### [The task]
The reply should repeat all of the data word for word, with no pictures.
━━━━━━━━━━━━━━━━
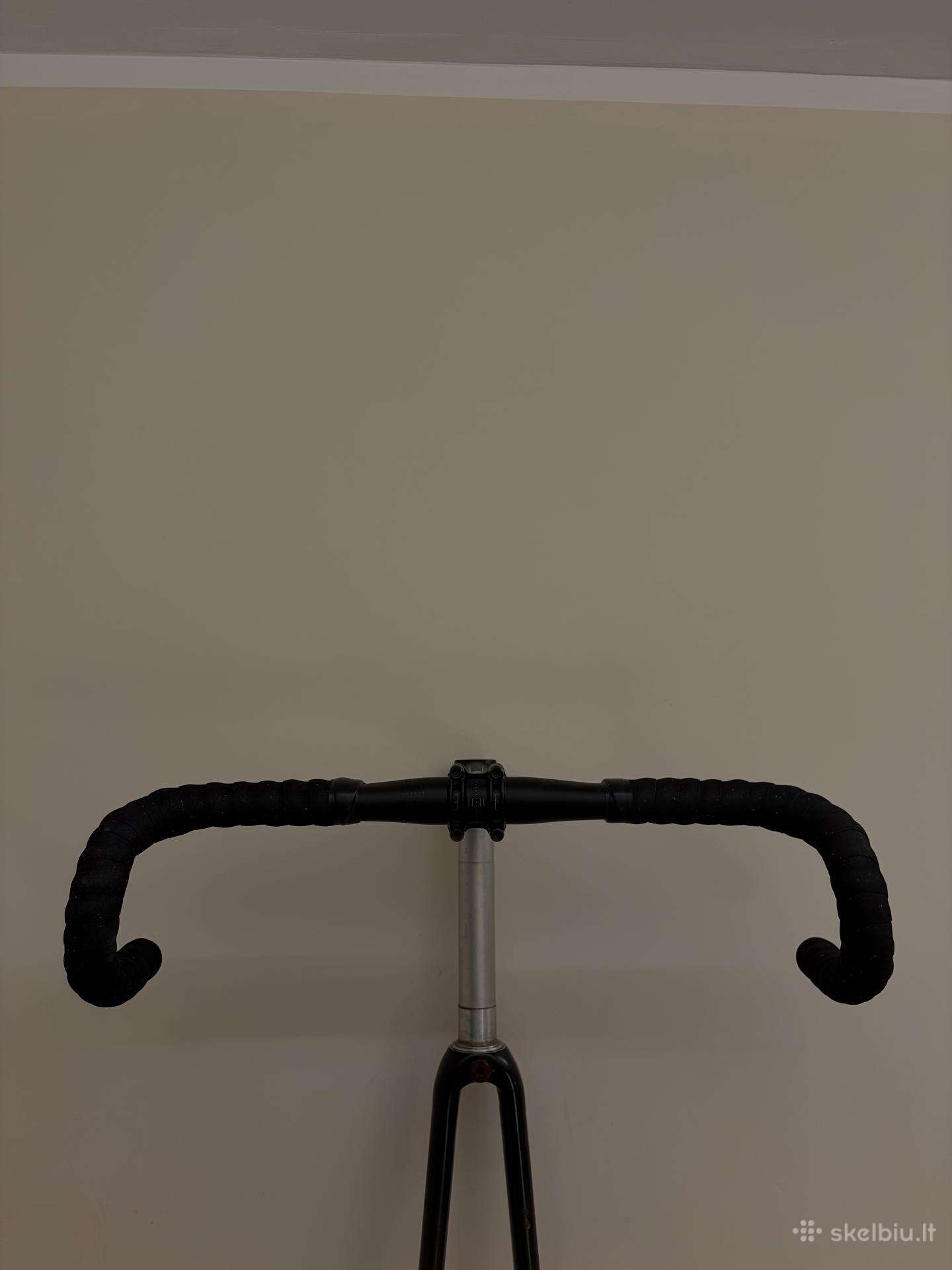 Gravel Handlebar + 130 mm Stem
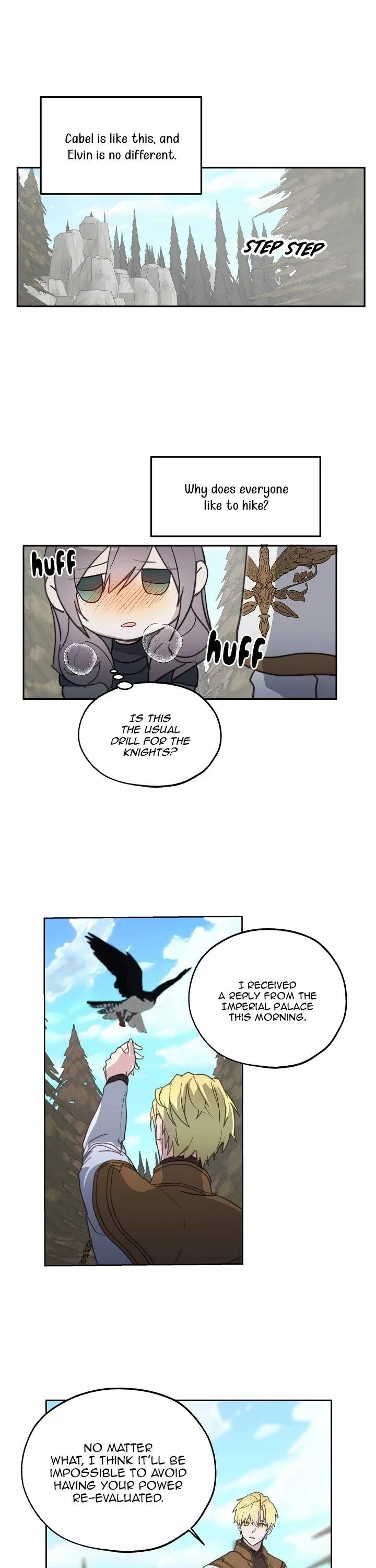 Wrong Confession ( A False Confession ) Chapter 41 page 29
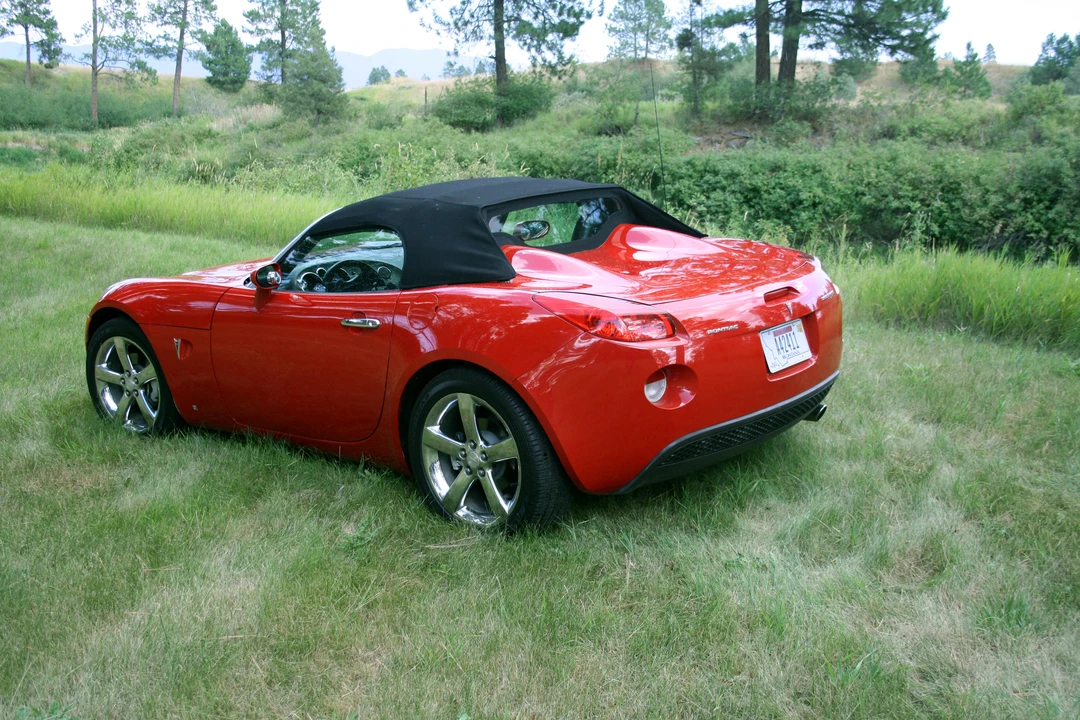 2006 Pontiac Solstice - Image 10 of 19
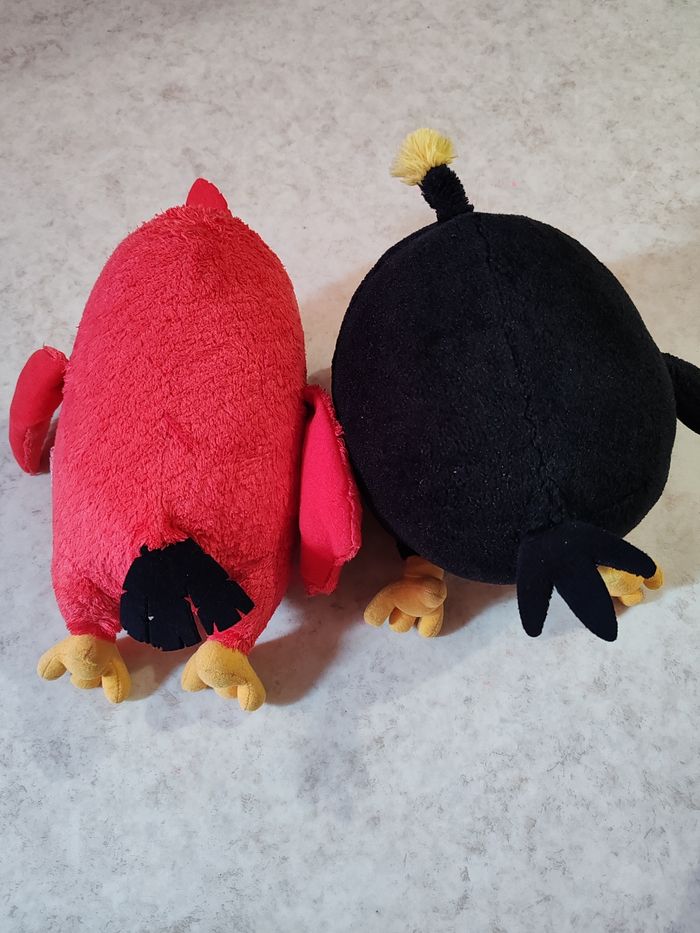Lot de peluches - photo numéro 2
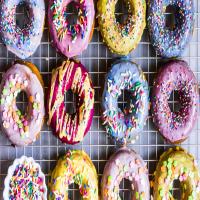 Best Baked Doughnuts Ever image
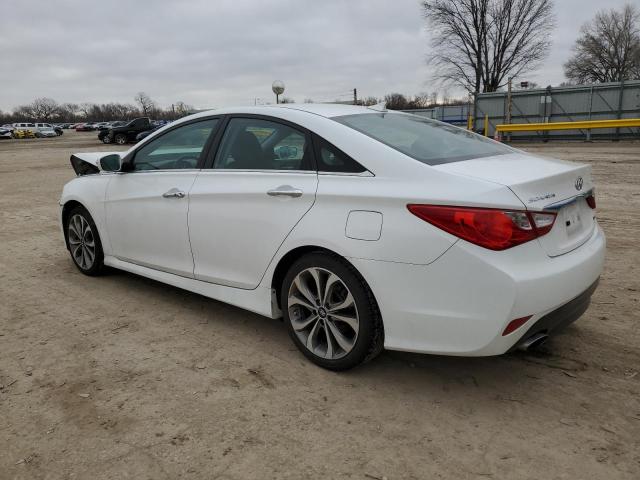 Photo 1 VIN: 5NPEC4AB2EH825133 - HYUNDAI SONATA 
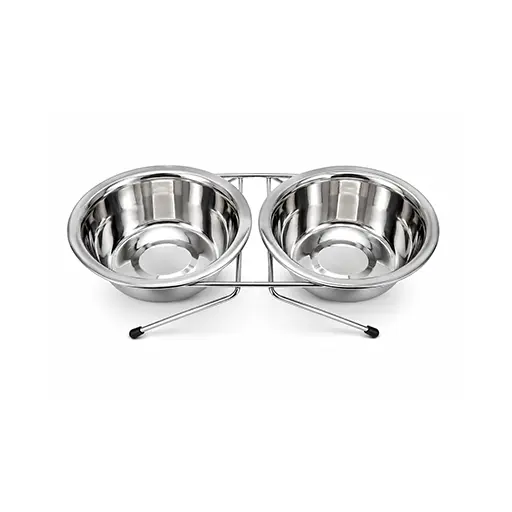 Stainless Steel Pet Bowl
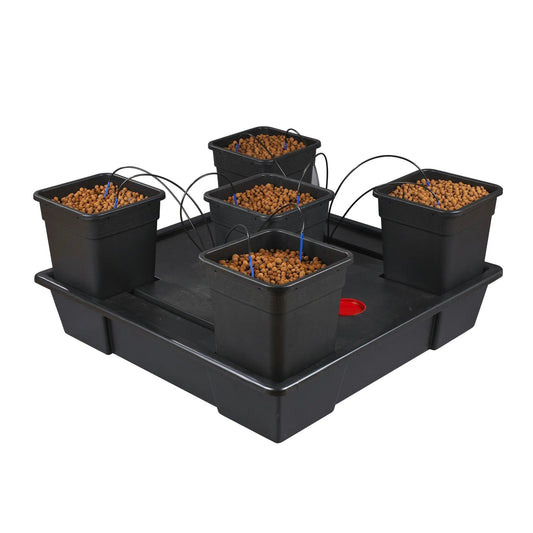 Origin (Wilma) XXL 5 Pot System - hydroponics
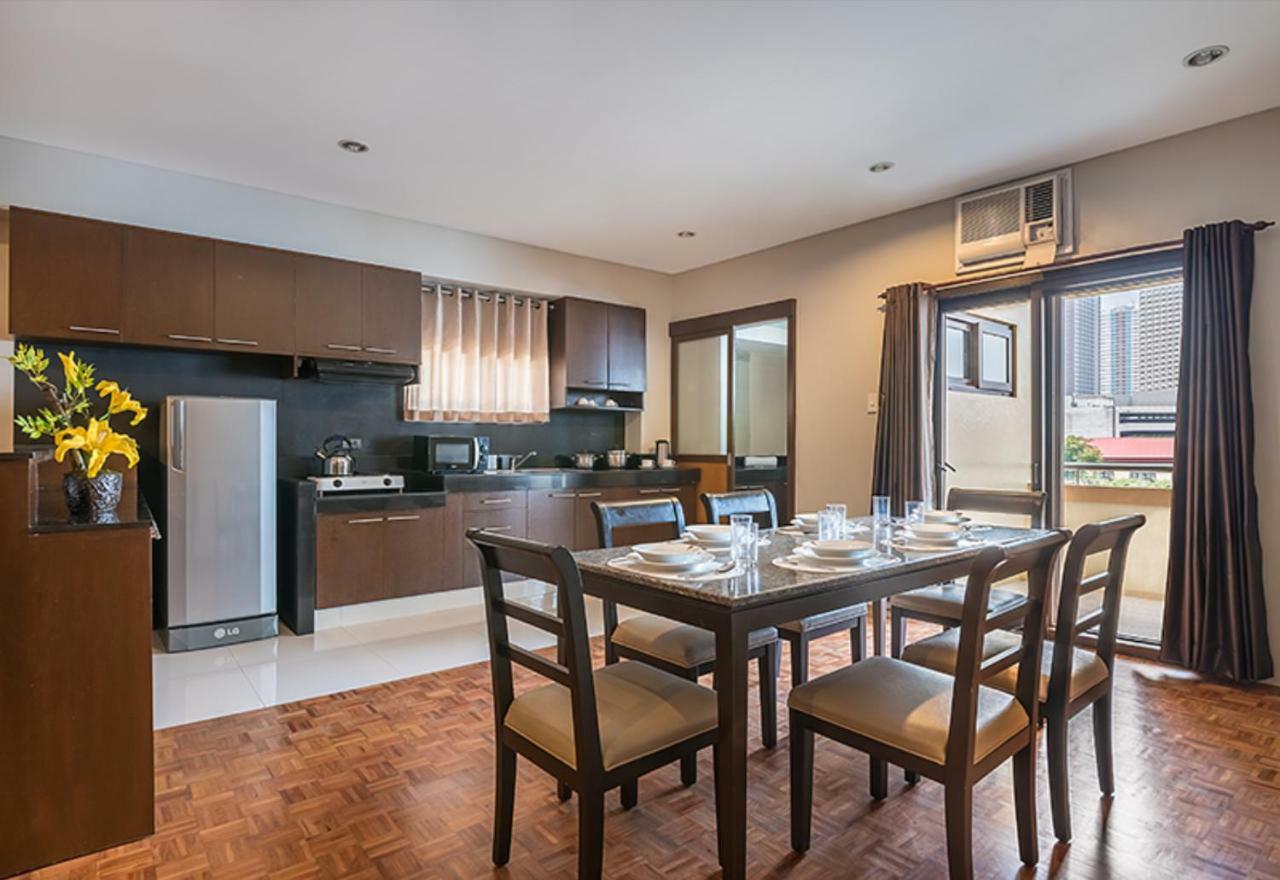 Tropicana Suites Manila Zewnętrze zdjęcie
━━━━━━━━━━━━━━━━
### [Output for this task]
 Gravel Handlebar + 130 mm Stem
 Wrong Confession ( A False Confession ) Chapter 41 page 29
 2006 Pontiac Solstice - Image 10 of 19
Lot de peluches - photo numéro 2
 Best Baked Doughnuts Ever image
 Photo 1 VIN: 5NPEC4AB2EH825133 - HYUNDAI SONATA 
 Stainless Steel Pet Bowl
 Origin (Wilma) XXL 5 Pot System - hydroponics
 Tropicana Suites Manila Zewnętrze zdjęcie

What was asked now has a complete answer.